Collectors Universe, parent company of PSA, announced it has purchased Genamint, an artificial intelligence company that built a system to fingerprint a card to its unique marks, detect if it was tampered with and grade it.
Terms weren’t disclosed.
Genamint, the pandemic era brainchild of Kevin Lenane, had a fundraising round from investors including Nat Turner, noted card collector and executive chairman of Collectors Universe.
Lenane said Turner, who along with other investors bought Collectors Universe for $853 million in January, gave him a bona fide offer before the company firmly got off the ground.
Turner told The Action Network that PSA would still be graded by humans, but the technology from Genamint will provide a huge assist to the process.
Turner was first turned on to computer assistance when he was building his company Flatiron Health. There, computers helped nurses sort clinical trial data faster and more accurately. Turner sold that company for $1.9 billion in 2018.
When a card comes into PSA, it is scanned.

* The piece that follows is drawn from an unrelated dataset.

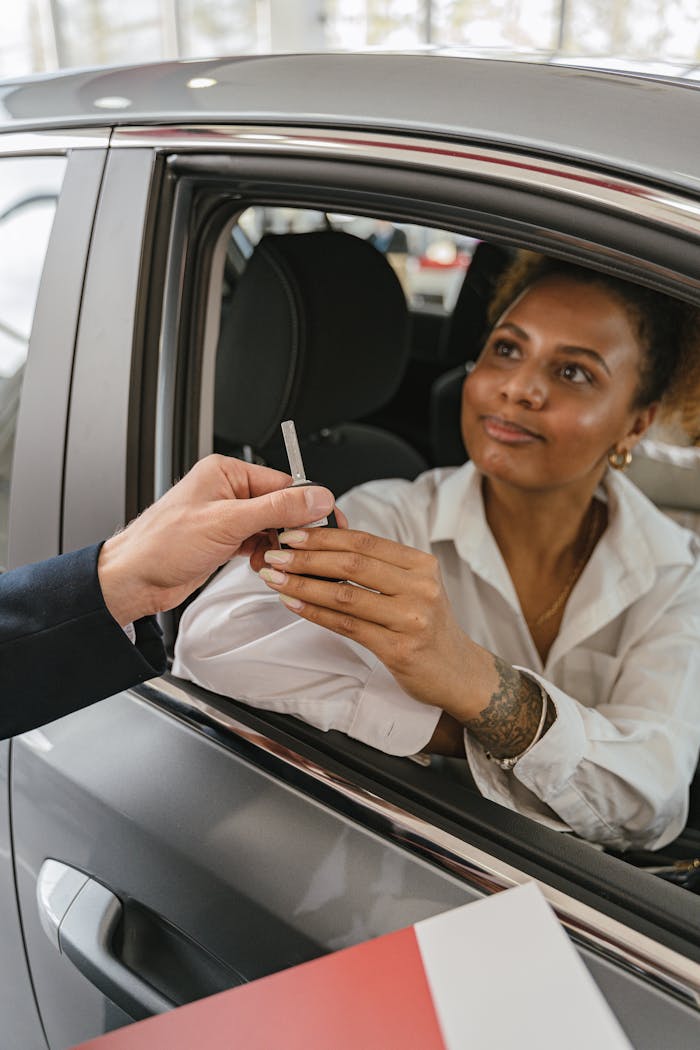 A woman in a car receives keys from a salesperson, symbolizing a new vehicle purchase.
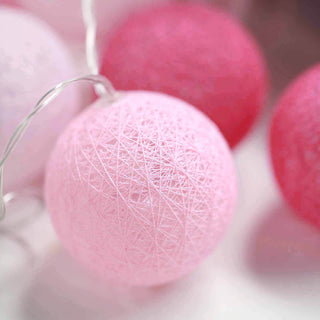 Add a Warm Glow to Any Event with the 13ft Pink Cotton Ball Battery Operated 20 LED String Light Garland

Using Genamint’s technology, the computer will put up print marks and surface defects so that every card will be unique.
“Each card has different combinations of 70 major anomalies that we’ve identified,” Lenane said. “From major ones like creases and scratches and stains to single pixels that are compromised.”
Based on learnings made from every card, the machine will be able to pick up if a card is trimmed or if a person has cracked out a card that was previously graded in hopes of getting a better grade.
Both aren’t common occurrences but mean a lot to uphold PSA’s integrity.
In early March, PSA, having trouble keeping up with the card boom, doubled prices, thinking it was going to allow the company to slow submissions down enough. The timing of the announcement seemed to have been leaked, as two days before, a record 660,000 cards were submitted where the old price had to be honored.
By the end of the month, PSA made the hard call of shutting down card submissions — except the high end Super Express option — to enable the company to catch up.
“The team came to me and it was apparent that it was necessary to do what was right,” Turner said. “The funny thing is I got so much hate mail with the price increases and pretty much nothing when we shut things down.”
Turner said PSA was getting so many card submissions that it essentially shut down the U.S. Postal Service in Southern California.
“We literally broke the postal service,” Turner said. “We couldn’t tell our customers where their packages were and that’s just not acceptable.”
Turner said he hopes to get all service levels restored by July 1.
More graders are being added every two weeks and the company is currently working through the backlog by grading 20,000 to 25,000 cards a day, Turner said.
With their latest acquisition, PSA executives are hoping it will greatly aid speed and accuracy.